Stored data:
------------------------------------

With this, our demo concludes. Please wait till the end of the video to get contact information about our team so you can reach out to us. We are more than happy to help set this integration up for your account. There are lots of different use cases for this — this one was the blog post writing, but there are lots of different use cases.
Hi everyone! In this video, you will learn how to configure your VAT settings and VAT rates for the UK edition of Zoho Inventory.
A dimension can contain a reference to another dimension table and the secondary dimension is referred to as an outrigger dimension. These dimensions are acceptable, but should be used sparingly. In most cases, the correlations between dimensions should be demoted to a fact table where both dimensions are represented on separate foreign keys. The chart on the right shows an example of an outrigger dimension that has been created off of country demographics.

------------------------------------

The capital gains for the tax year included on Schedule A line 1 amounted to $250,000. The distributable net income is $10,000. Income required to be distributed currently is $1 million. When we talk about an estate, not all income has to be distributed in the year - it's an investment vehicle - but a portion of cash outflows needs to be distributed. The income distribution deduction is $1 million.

------------------------------------

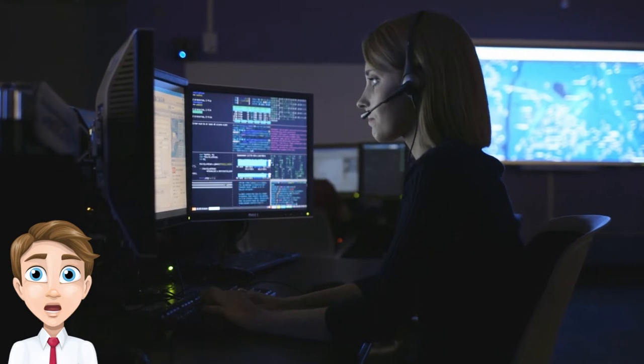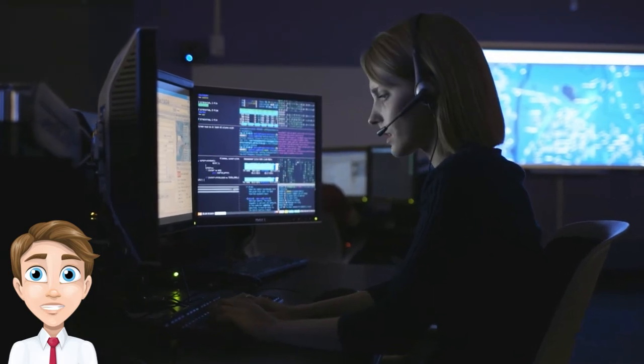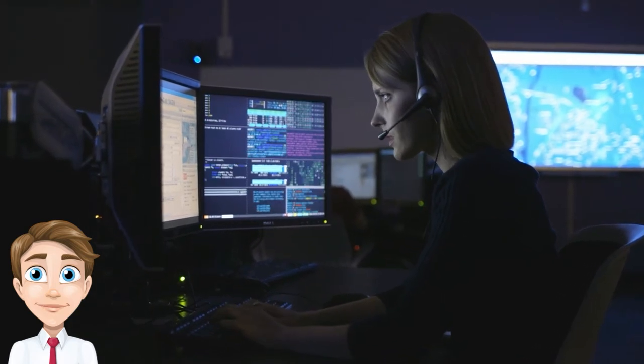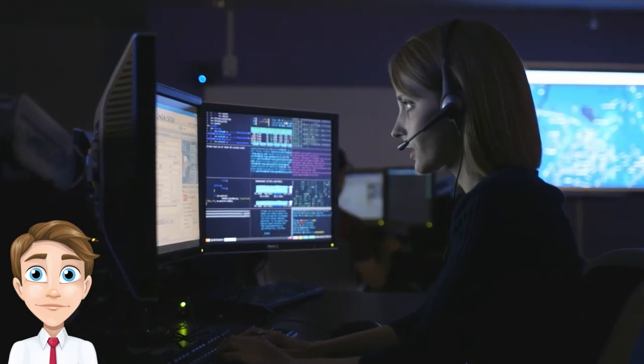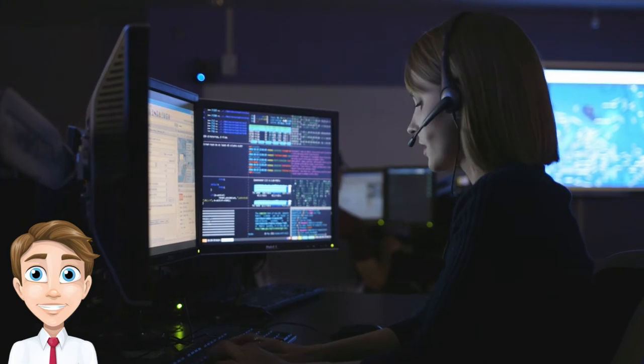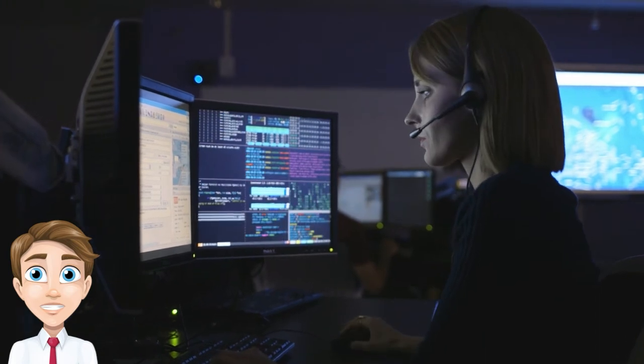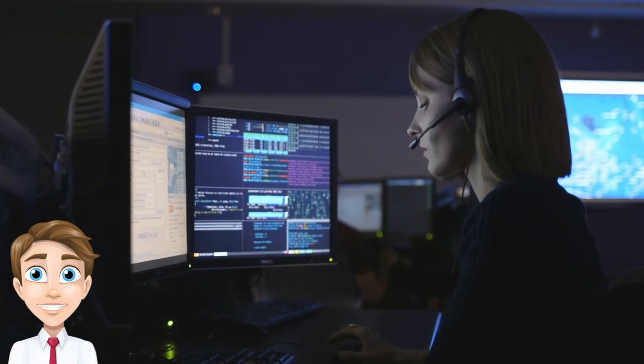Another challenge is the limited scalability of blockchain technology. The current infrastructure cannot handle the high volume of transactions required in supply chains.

------------------------------------

Starting at the line above that holds "With this, our" and ending at the line that holds "A dimension can", transcribe each line exactly and include no other lines.

Exercise response:
With this, our demo concludes. Please wait till the end of the video to get contact information about our team so you can reach out to us. We are more than happy to help set this integration up for your account. There are lots of different use cases for this — this one was the blog post writing, but there are lots of different use cases.
Hi everyone! In this video, you will learn how to configure your VAT settings and VAT rates for the UK edition of Zoho Inventory.
A dimension can contain a reference to another dimension table and the secondary dimension is referred to as an outrigger dimension. These dimensions are acceptable, but should be used sparingly. In most cases, the correlations between dimensions should be demoted to a fact table where both dimensions are represented on separate foreign keys. The chart on the right shows an example of an outrigger dimension that has been created off of country demographics.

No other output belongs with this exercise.